### Problem to solve
With the pictures left aside, write out exactly the lines of the listing below from the line with "Summit or Sleep T-Shirt" to the line with "Julien Temple - Crock", both included, and only those.

### Listed records
-.-.-

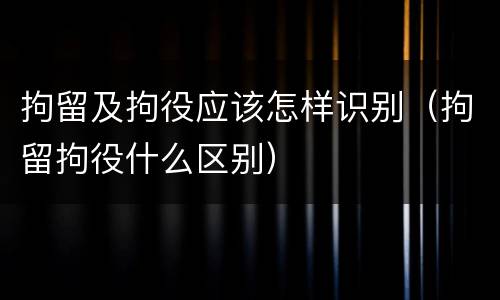 拘留及拘役应该怎样识别（拘留拘役什么区别）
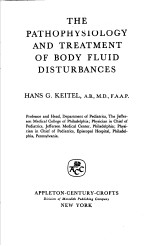 THE PATHOPHYSIOLOGY AND TREATMENT OF BODY FLUID DISTURBANCES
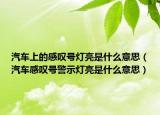 汽车上的感叹号灯亮是什么意思（汽车感叹号警示灯亮是什么意思）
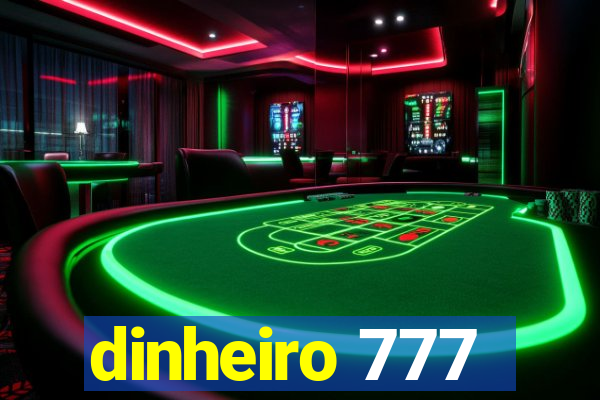 dinheiro 777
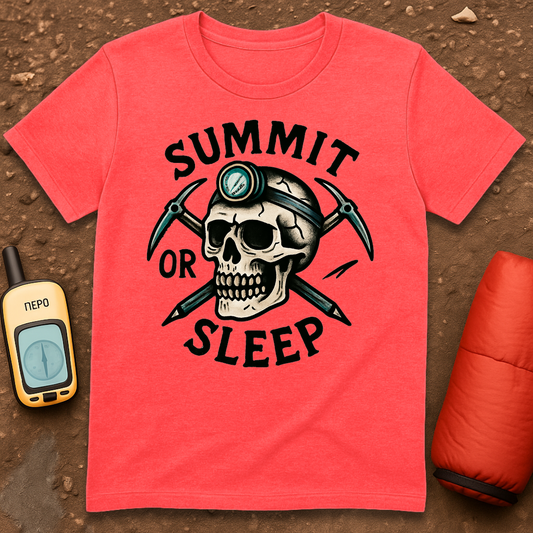 Summit or Sleep T-Shirt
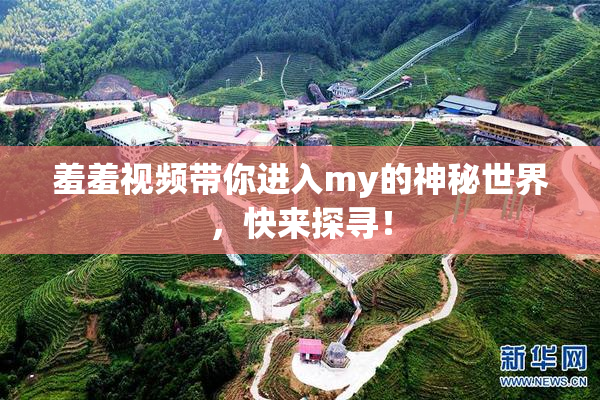 羞羞视频带你进入my的神秘世界，快来探寻！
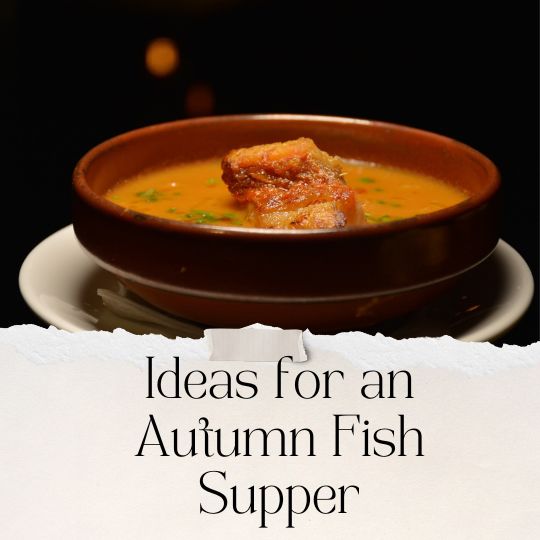 Ideas For An Autumn Fish Supper
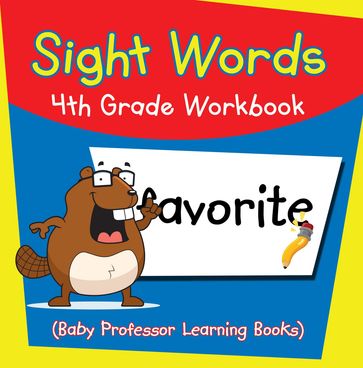 Sight Words 4th Grade Workbook (Baby Professor Learning Books) - Baby Professor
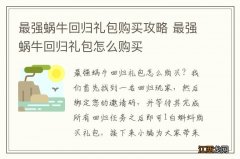 最强蜗牛回归礼包购买攻略 最强蜗牛回归礼包怎么购买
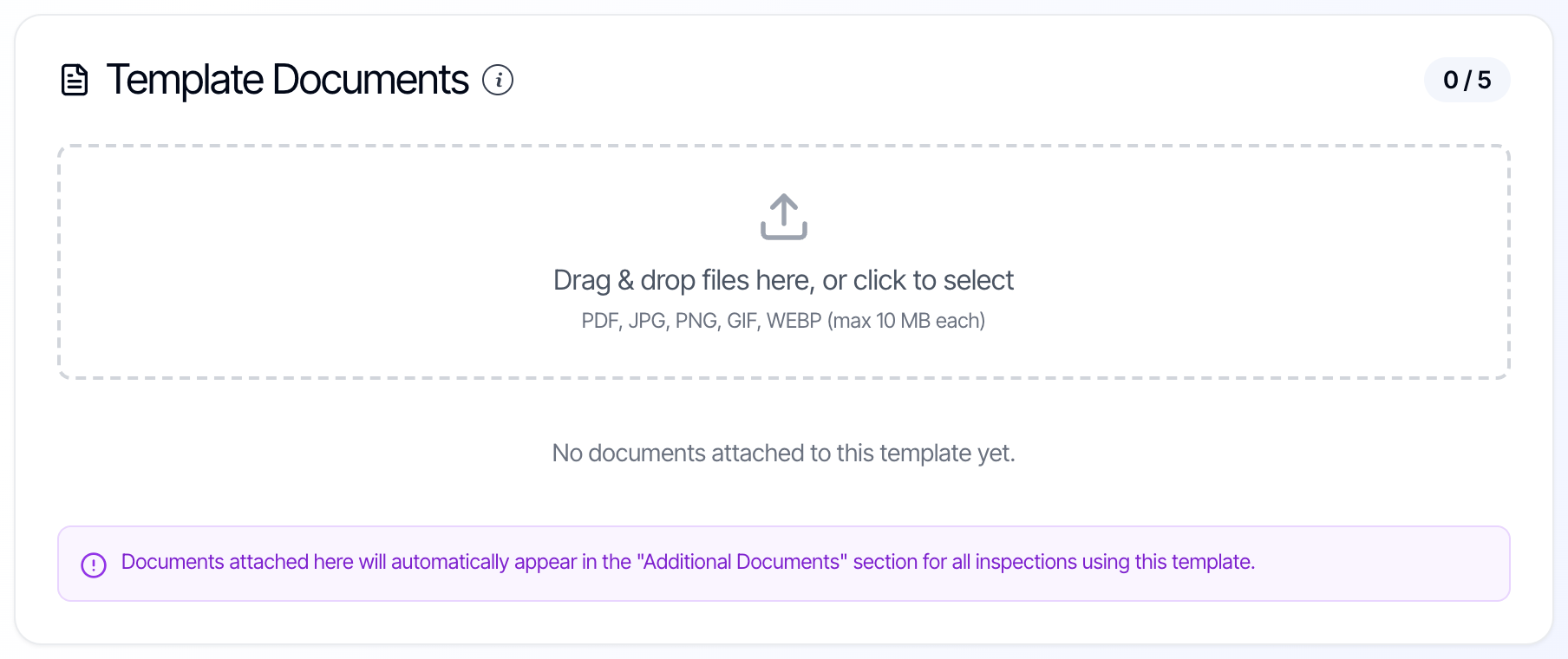 The Template Documents card with a 0 / 5 counter, a drop area that says Drag and drop files here, or click to select, PDF, JPG, PNG, GIF, WEBP (max 10 MB each), the line No documents attached to this template yet, and a note that documents attached here will automatically appear in the Additional Documents section for all inspections using this template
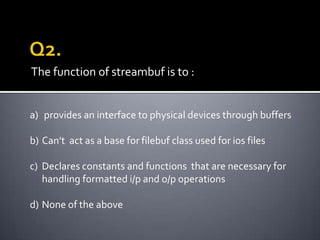 The function of streambuf is to :


a) provides an interface to physical devices through buffers

b) Can’t act as a base for filebuf class used for ios files

c) Declares constants and functions that are necessary for
   handling formatted i/p and o/p operations

d) None of the above
 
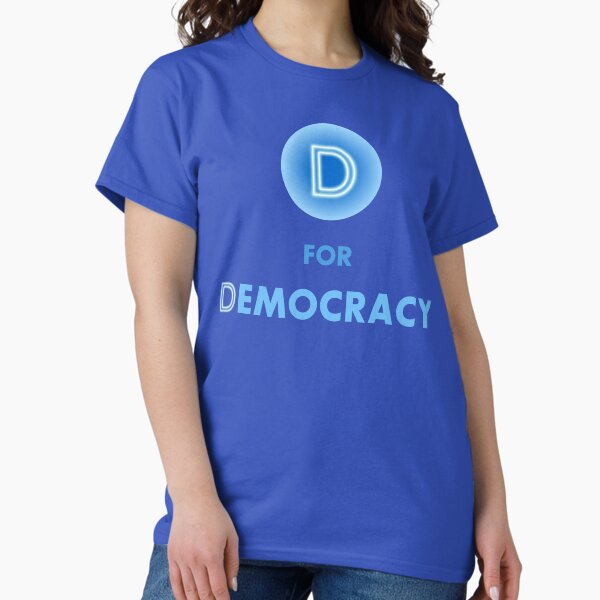 Item preview, D for DEMOCRACY designed and sold by MerchHelper.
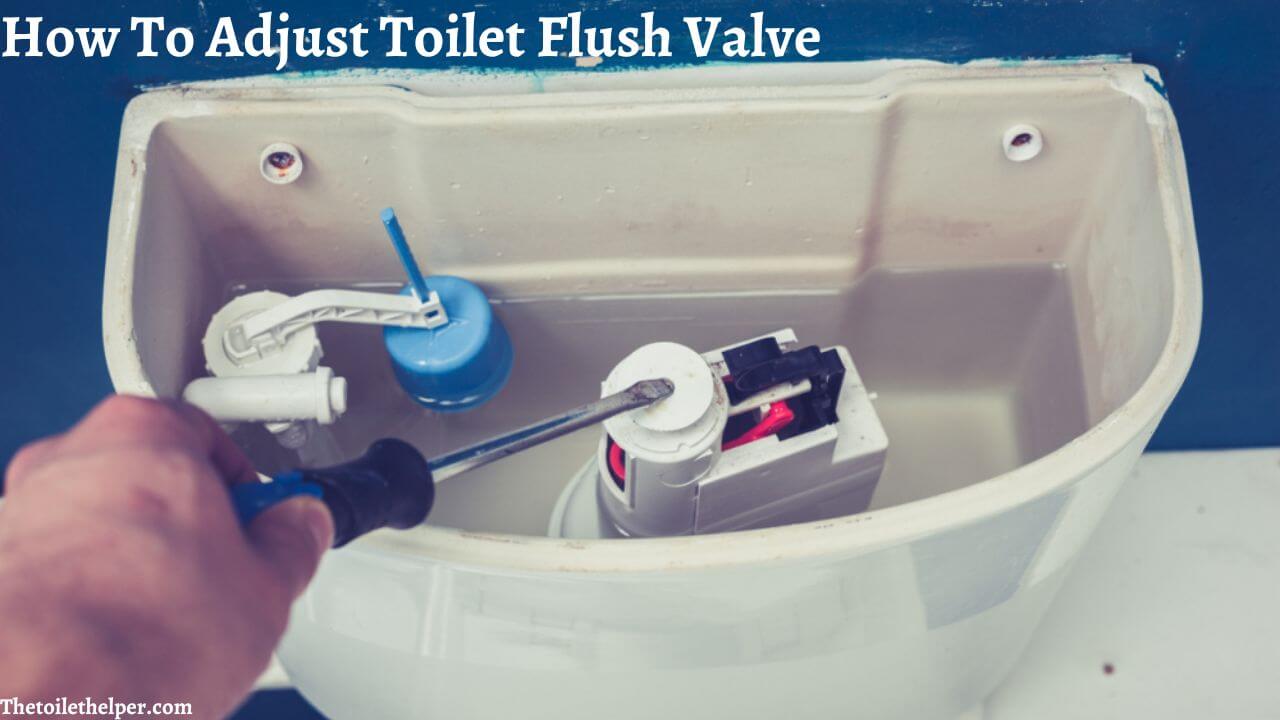 How To Adjust Toilet Flush Valve (4) (1)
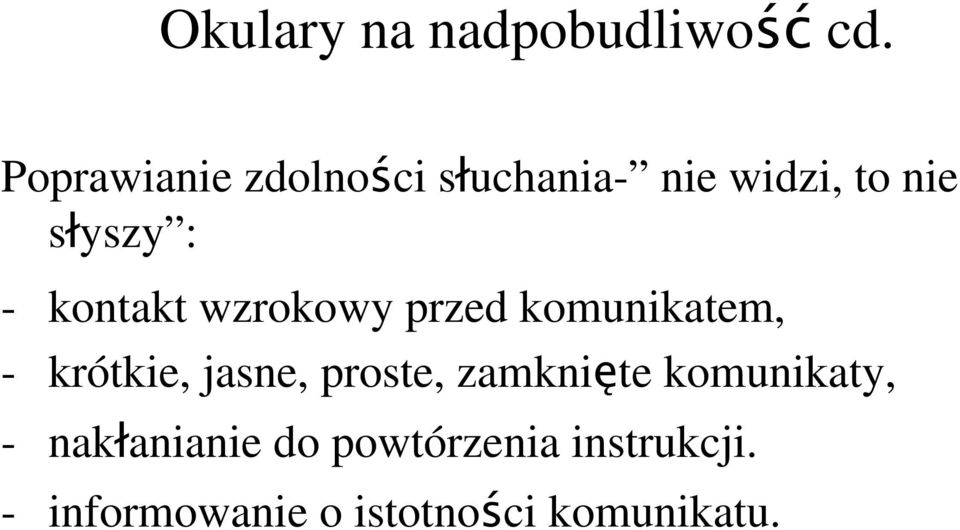kontakt wzrokowy przed komunikatem, - krótkie, jasne, proste,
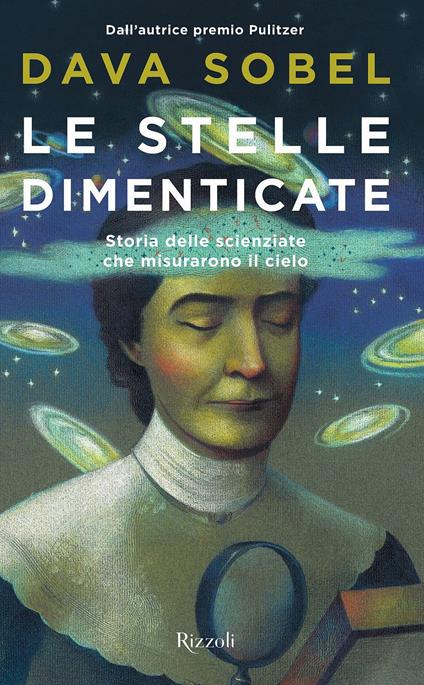 Le stelle dimenticate. Storia delle scienziate che misurarono il cielo - Dava Sobel - copertina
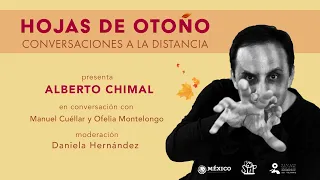 Hojas de Otoño: Conversaciones a la Distancia presenta Alberto Chimal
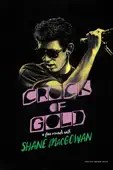 Julien Temple - Crock of Gold - A Few Rounds with Shane MacGowan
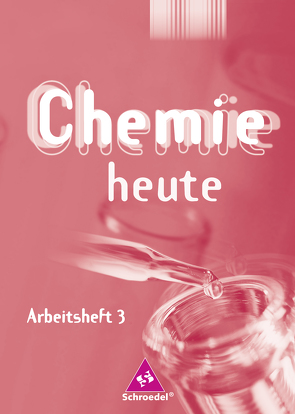 Chemie heute SI – Arbeitshefte Ausgabe 2001 von Förster,  Rosemarie, Matthé,  Dieter, Rieck,  Brigitta, Riedel,  Claas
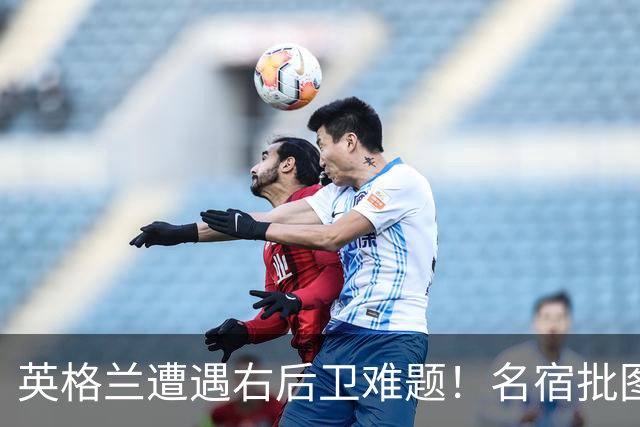 英格兰遭遇右后卫难题！名宿批图赫尔：不带阿诺德是个错误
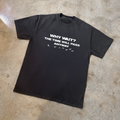 'WHY WAIT?' FADED BLACK HEAVYWEIGHT TEE Hoodie, Sweatshirt | CiraTrend.com (Image 1)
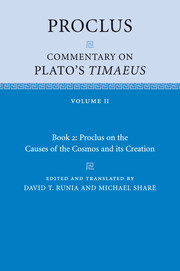 Couverture de l’ouvrage Proclus: Commentary on Plato's Timaeus: Volume 2, Book 2: Proclus on the Causes of the Cosmos and its Creation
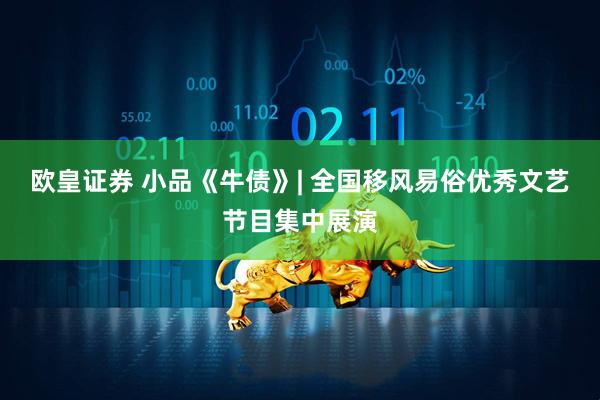 欧皇证券 小品《牛债》| 全国移风易俗优秀文艺节目集中展演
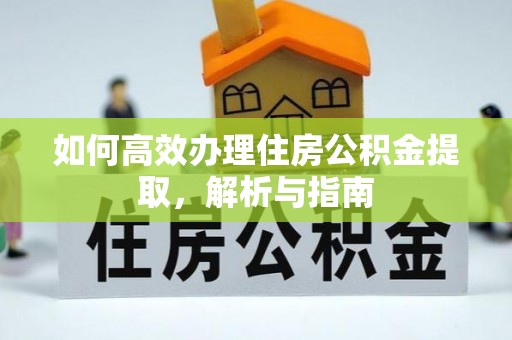 黄陂如何高效办理住房公积金提取，解析与指南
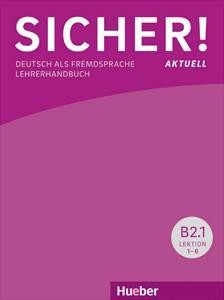 SICHER! AKTUELL B2.1 LEHRERHANDBUCH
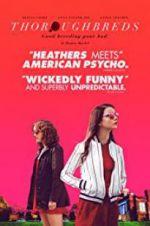 Watch Thoroughbreds Zmovie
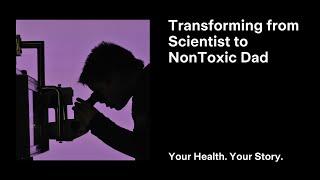 Transforming from Scientist to NonToxic Dad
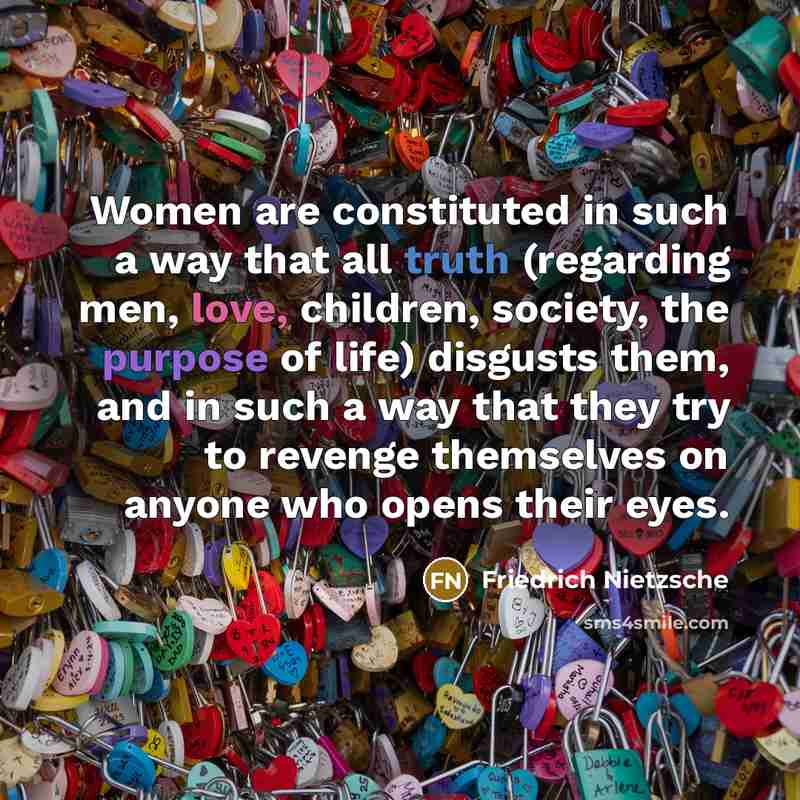 “Women are constituted in such a way that all truth…” quote by Friedrich Nietzsche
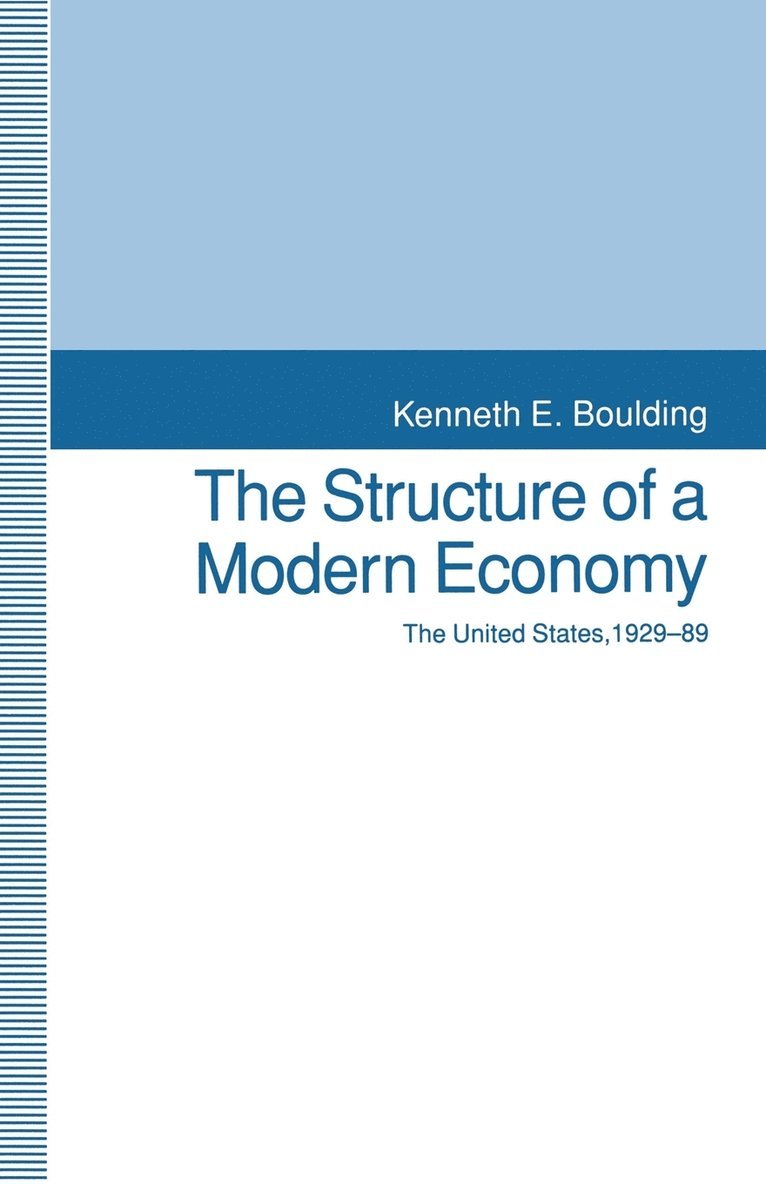 The Structure of a Modern Economy 1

-.-.-

### Solution to this task
 Summit or Sleep T-Shirt
 羞羞视频带你进入my的神秘世界，快来探寻！
 Ideas For An Autumn Fish Supper
 Sight Words 4th Grade Workbook (Baby Professor Learning Books) - Baby Professor
 最强蜗牛回归礼包购买攻略 最强蜗牛回归礼包怎么购买
 The Template Documents card with a 0 / 5 counter, a drop area that says Drag and drop files here, or click to select, PDF, JPG, PNG, GIF, WEBP (max 10 MB each), the line No documents attached to this template yet, and a note that documents attached here will automatically appear in the Additional Documents section for all inspections using this template
 The function of streambuf is to :


a) provides an interface to physical devices through buffers

b) Can’t act as a base for filebuf class used for ios files

c) Declares constants and functions that are necessary for
   handling formatted i/p and o/p operations

d) None of the above
 
 Item preview, D for DEMOCRACY designed and sold by MerchHelper.
 How To Adjust Toilet Flush Valve (4) (1)
kontakt wzrokowy przed komunikatem, - krótkie, jasne, proste,
 Le stelle dimenticate. Storia delle scienziate che misurarono il cielo - Dava Sobel - copertina
 Hojas de Otoño: Conversaciones a la Distancia presenta Alberto Chimal
 Julien Temple - Crock of Gold - A Few Rounds with Shane MacGowan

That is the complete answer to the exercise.